A few brief notes on the companies: Coppeneur is German and makes not only filled bars but also single-origin chocolate, flavored bars, confections, a few organic (bio) items, and so on—and if you'd like to order from Coppeneur, this Canadian importer claims to be able to hook you up. What I saw in-store was maybe a dozen of the 30 filled Praliné bars, which all come in neat flavors like Blue Poppy Seed and Wasabi & Algae, and I figured Black Beer was interesting and a fun memento of Germany. zotter is Austrian and entirely organic and fair trade. The aesthetic is goofy and fun and the offerings are even more varied than Coppeneur's, not only bars and confections but also ganache in syringes, pink and lilac “gay and lesbian chocolate,” and chocolate liqueurs. Again I saw only, say, 15 of what is a much larger product line of “hand scooped” layered and coated bars. The fillings range from Pink Grapefruit to Port Wine, Celeriac, and Truffles, and with relatively few choices I went with Almond with Grappa Raisin. Looking at Coppeneur's and zotter's websites now, I'd love to try more from both companies.

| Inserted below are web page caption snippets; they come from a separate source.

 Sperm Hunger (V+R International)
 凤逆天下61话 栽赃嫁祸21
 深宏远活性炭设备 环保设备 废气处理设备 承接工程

Coppeneur Black Beer “Black Abbot”
75g (2.64oz) bar
Ingredients: Cocoa mass, sugar, cocoa butter, beer brandy, black beer “Schwarzer Abt” (water, barley malt, yeast, hops, invert sugar syrup), dextrose, butter, glucose syrup, cream, whole milk powder, natural flavoring, soy lecithin, vanilla.
The thing about ganaches/truffles, in bar form or not, is that the fat in the cream and/or cocoa butter mutes flavors; in my experience, the filling is usually super-rich and otherwise relatively subtle. I like big old punches of flavor in my chocolate (perhaps due to my American/Hawaiian palate), and I'm still learning to appreciate nuance.
That's what's going on here: mild dark (70%) chocolate encasing a subtly complex, stiff, fatty center, and I'm having trouble picking out the flavors. Coppeneur lists the tasting notes of its bars at the bottom of the label; here you can see this bar categorized as “spicy” and “sharp” (the site I use translates würzig “full-flavored” as well as “spicy”), but I'm not sure I'm able to taste these. Just think of them as complex and subtle.
What can we learn about beer-flavored chocolate from it? Well, maybe I'm imposing based on the name, but I'd venture that while this isn't at all bitter or alcoholic, it is sort of malty, like the flavors you get in beer after you get past the bitterness, and that's kind of fun.
zotter Almond with Grappa Raisins
Ingredients: Organic fair trade raw cane sugar, oft. cocoa mass, o. almonds, oft. cocoa butter, o. raisins, o. whole milk powder, o. butter, o. Grappa, oft. whole cane sugar, o. sweet whey powder, salt, o. ginger powder, o. vanilla, o. soy lecithin.
This bar has more prominent flavor than the above, not to mention some variation in texture. With the outside's sharp corners I half expected it to contain wafers or something, but it's all truffle, only not smooth truffle: The ganache is blended with ground almonds, with an occasional tiny raisin resting along the bottom. The flavor is creamy, nutty, sweet, and a little salty, with the grappa-soaked raisins making things interesting. Everything in between is fatty richness, but with all those tiny nut pieces and moist raisins and that pinch of salt, it's not like eating a piece of butter. As for the grappa, I pulled out a piece of raisin alone and tried it, and I think it gave me a little more than the usual caramel-fruit flavor, but it was hard to tell.
What can we learn about inclusions from this bar? Fruits and nuts can be intriguing, in both texture and flavor! The ground almonds, raisins “layered” at the bottom, the addition of salt that just barely reminded me of a Reese's peanut butter cup—they all made this a pretty neat bar, and I'd like to try more from zotter.